Children will need to learn to add and subtract within 20, demonstrating fluency for addition and subtraction within 10. Use strategies such as counting; making ten (e.g., 8 + 6 = 8 + 2 + 4 = 10 + 4 = 14); decomposing a number leading to a ten (e.g., 13 - 4 = 13 - 3 - 1 = 10 - 1 = 9); using the relationship between addition and subtraction (e.g., knowing that 8 + 4 = 12, one knows 2 - 8 = 4); and creating equivalents. Older elementary students will need to be fluent and memorize math facts in multiplication and division as well. #### How to play

Game 1: Solve the operations

Give your children a paper with a list of math problems using operations they need to solve according to their grade level. Ask them to use the math operation cards and cut out numbers to find the solution on the template and then solve it on the assigned sheet by writing in the answers.

Give your children specific numbers and operation symbols from the cutouts and ask them to make up as many operations as possible. Encourage them to keep notes of the operations that they created on a piece of paper. Then, together check the operations and support them further to solve correctly, if needed.

Game 3: Find the missing operation symbol

Work together and provide them with an operation where the operation symbol will be missing. For example: 5 _ 5 = 10. Ask them to find and fill the blank square with the correct sign to complete the operation.

Game 3: Find the missing number

Work together and provide them with an operation where this time the number will be missing. For example: 5 + _ = 10. Ask them to find and fill the blank with the missing number to complete the operation.

Tip: Use the heart cut-outs from the Kinems Board Game Yummy Pairs as a reward for their correct answers. How many little heart cards can they get?

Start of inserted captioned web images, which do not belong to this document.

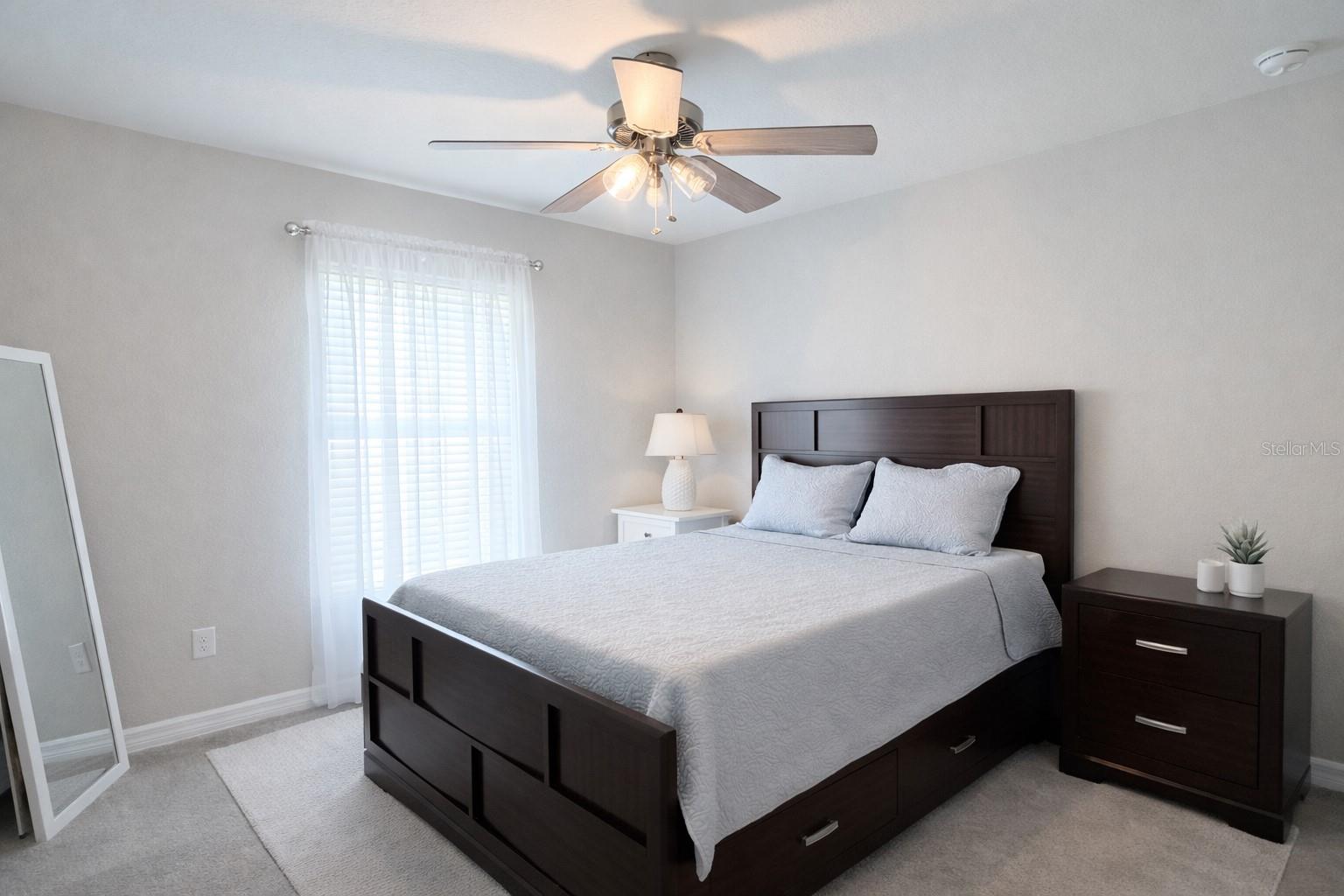 7 POLERMO AVE, ST CLOUD, FL, 34771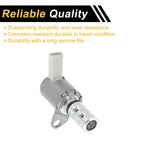 VVT Solenoid for Volkswagen Passat (2006–2010) No. 06K115243S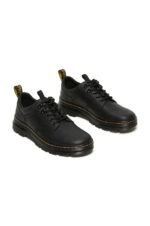 Dr. Martens Reeder Deri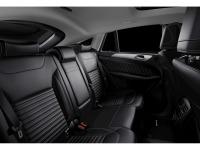 Mercedes Gle GLE 350 d 4MATIC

#### More ideas for math in daily life

• When making a shopping list, have your child help determine how much of each item is needed to feed the family. Use real world word problems. If we want everyone to have two pieces of chicken, how many do we need to buy?
• When cooking, have your child read the recipe to follow along and use the ingredients as word problems to solve with computation.
• If you have dice in the house, you can play games by throwing the dice and using the numbers to multiply, add, subtract or divide. You can make it a competition if you have family members also playing. The first person to solve the equation, wins.
• If you have a deck of cards, you can decide to make the face cards equal 1 or 10. Decide on the operation ahead of time. Say you decide it is an addition. Deal out 5 cards to each player. Each player puts down one card on the table. Say one player put down a 2 and another player put down a 7. The first player to say 9, wins both cards. The winner is the player that ends up with the most cards.
• Use Skittles, cheerios, m&ms or goldfish as counter manipulatives to teach young children early math computation. Use them to add and subtract. You can use the sheets in this game and the operations signs while using these real world and yummy counters. Accurate operations can be eaten!
• Go into the sock drawer. Determine how many socks there are and how long you can go before having to do laundry. You wear two every day. When do you need to wash your socks?
• Count how many windows are in the house. How many are in each room? How many rooms are there? Make a floor plan. How many doors are there?
• Get an empty jar. Fill it with jelly beans, regular dry beans or any small items that can be easily counted. Ask everyone in the house to guess how many are in the jar. Write down the answers and their name. Then when everyone has guessed, open the jar and ask your child to count them. Put the beans or items in piles of 10 so you are teaching counting by 10s in real life!